### WHAT IS REQUIRED
Repeat the records below verbatim and include no pictures.

### AVAILABLE DATA
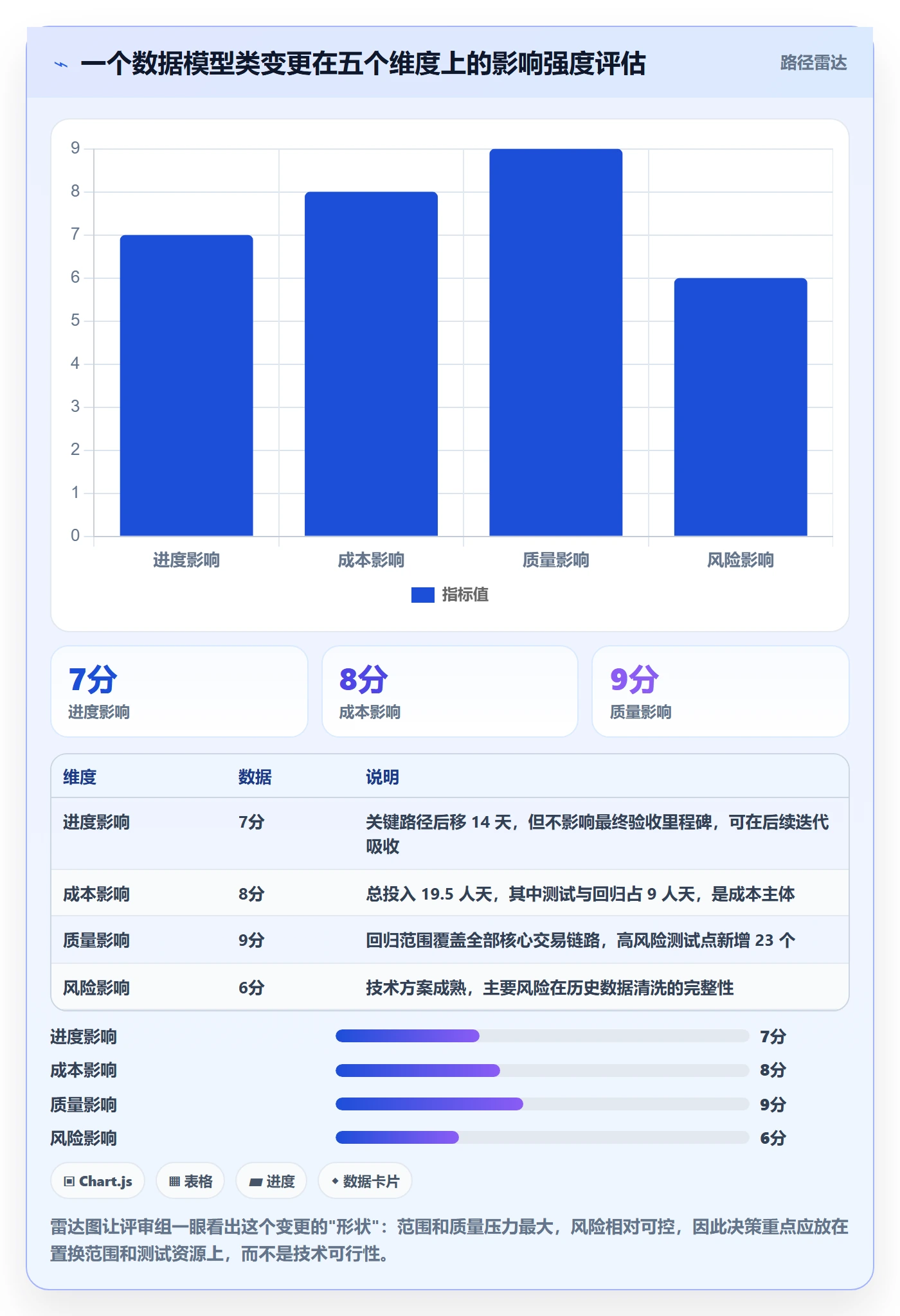 范围变更落地方案:项目负责人开展项目范围的实操方法案例解析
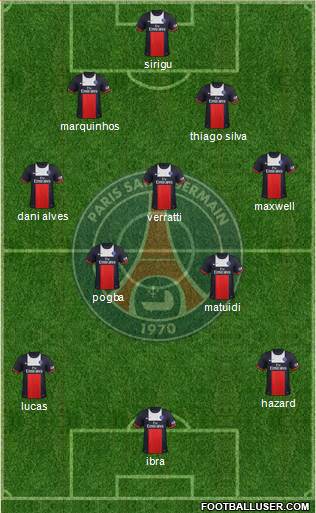 Paris Saint-Germain Formation 2014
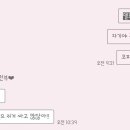 애상마라탕수완점 이미지
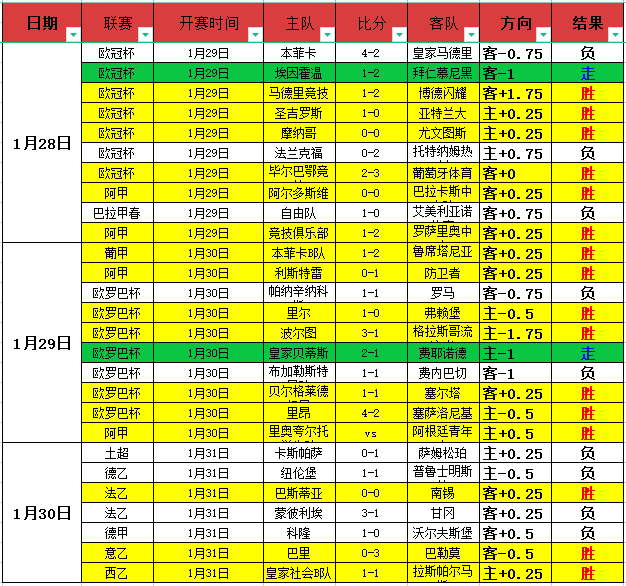 多所院校公,布本科教学,及就业情况,nba买球官方网站,nba买球,(中国)官方,nba买球网站,nba买球app下载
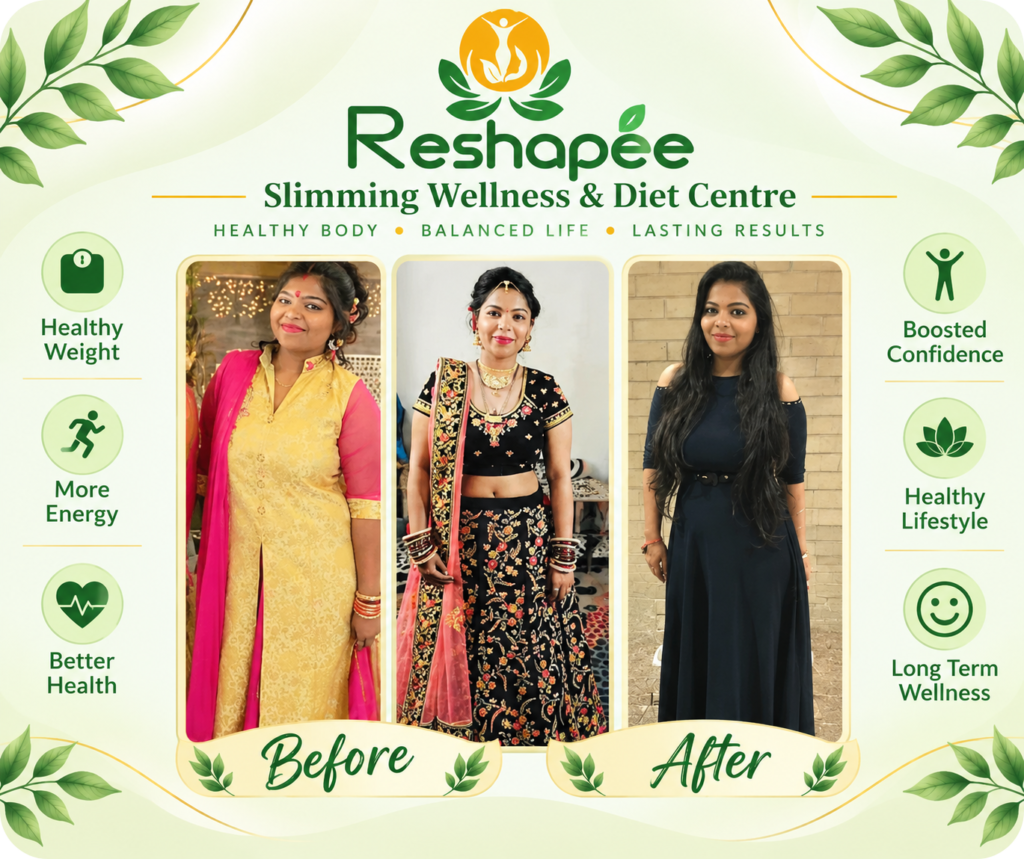 Home page 29 Diet Consultation Weight Loss Results Before and After Transformation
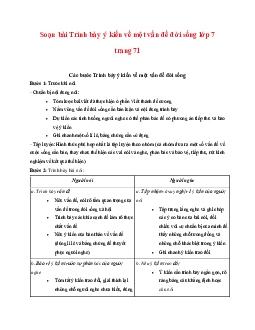 Soạn bài Trình bày ý kiến về một vấn đề đời sống trang 71 | Ngữ văn 7 Tập 2 Kết nối tri thức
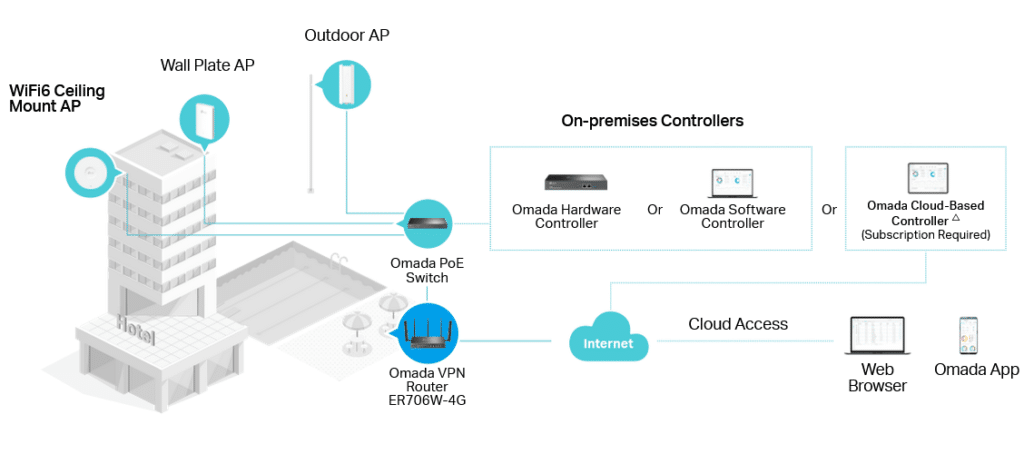 TP-Link ER706W, Omada AX3000 Gigabit VPN Router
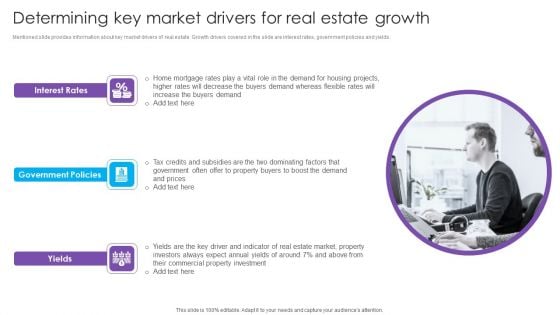 Determining Key Market Drivers For Real Estate Growth Real Estate Project Funding Graphics PDF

### FINAL ANSWER
 范围变更落地方案:项目负责人开展项目范围的实操方法案例解析
 Paris Saint-Germain Formation 2014
 애상마라탕수완점 이미지
 多所院校公,布本科教学,及就业情况,nba买球官方网站,nba买球,(中国)官方,nba买球网站,nba买球app下载
 Home page 29 Diet Consultation Weight Loss Results Before and After Transformation
 Soạn bài Trình bày ý kiến về một vấn đề đời sống trang 71 | Ngữ văn 7 Tập 2 Kết nối tri thức
 TP-Link ER706W, Omada AX3000 Gigabit VPN Router
 Determining Key Market Drivers For Real Estate Growth Real Estate Project Funding Graphics PDF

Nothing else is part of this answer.